The U.S. manufacturing sector saw its highest level of monthly job losses in more than six years in March, but recent indicators suggest that lagging employment could be short-lived.
The latest numbers from the Bureau of Labor Statistics showed the country gaining 215,000 jobs in March as the unemployment rate held steady at 5 percent.
Manufacturers, however, lost 29,000 jobs last month, the largest total since December 2009, when the nation was just beginning to emerge from the Great Recession.

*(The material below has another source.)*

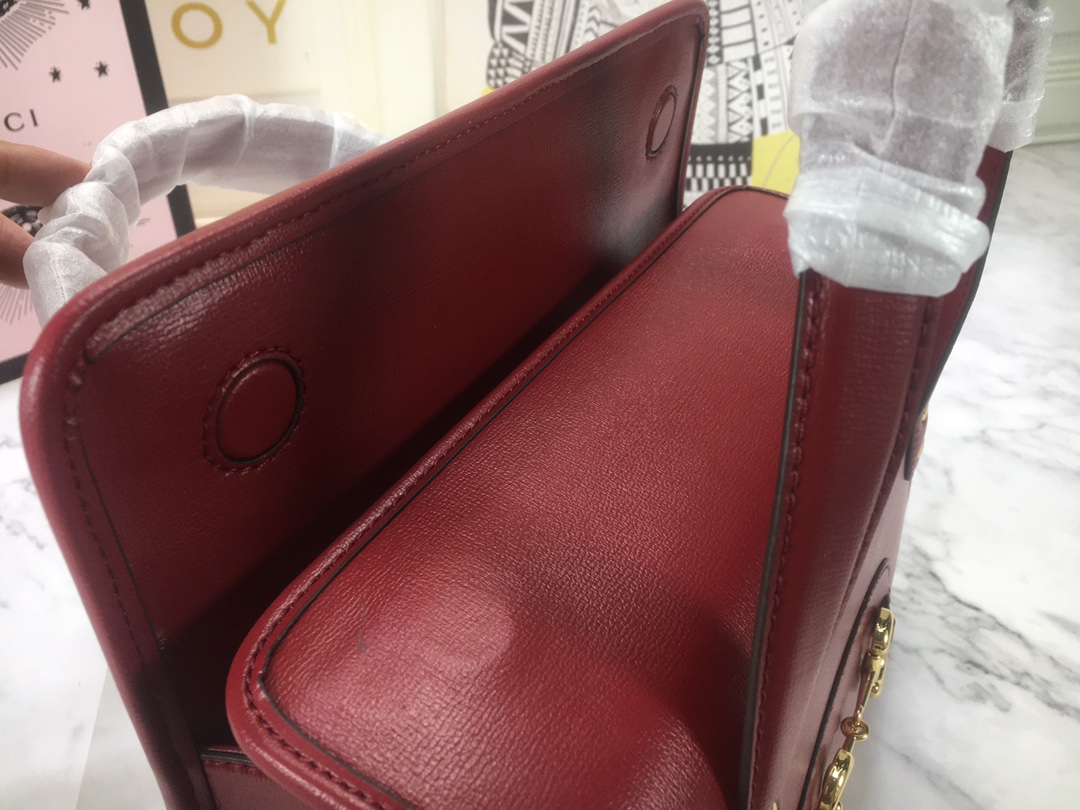 GG HORSEBIT 1955 MINI TOP HANDLE BAG 27.5CM RED 645453 92TCG 8563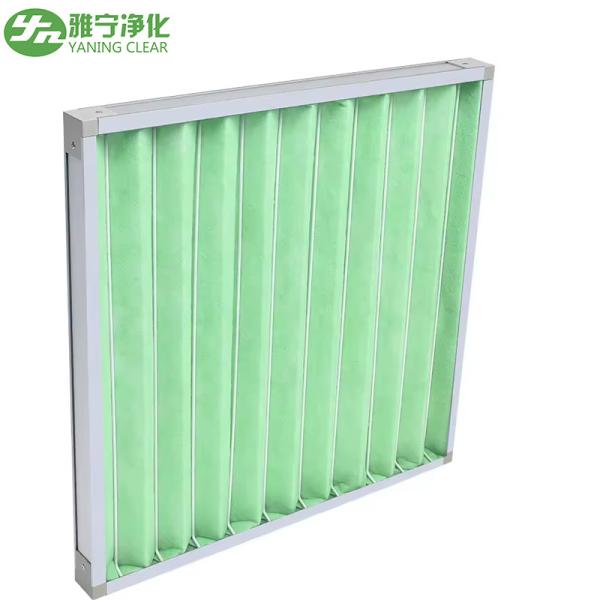 Quality Flat Type Green Bag Air Filters With Double Sided Metal Mesh Folding for sale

The monthly Institute for Supply Management report also reflected sluggish hiring in the manufacturing sector. The ISM's Employment Index for March, at 48.1 percent, was down 0.4 percentage points compared to February and marked the fourth consecutive month of employment contraction.
But the broader ISM report showed a Purchasing Managers' Index of 51.8 percent, a 2.3 percentage point increase from the previous month and the first rating of more than 50 — a sign of an expanding manufacturing economy — since August.
Manufacturers endured a largely difficult late 2015 amid a strong dollar and low inventories, but the ISM report showed three consecutive months of growth in both new orders and in production.
The ISM's Bradley Holcomb said that the growth in orders likely represents pent-up demand from previous months and that "people are now going to the store and making their purchases."
Although raw materials inventories remained low, they contracted at a slower pace in March, while exports, long hindered by the dollar, showed their highest rating since late 2014.
Holcomb said that employment levels were high and that a small fluctuation in the Employment Index is "nothing to really write home about and certainly isn’t a concern."
"Now that the PMI has popped up and the comments are very positive, I would expect the employment number to move up as well as we go forward," Holcomb said.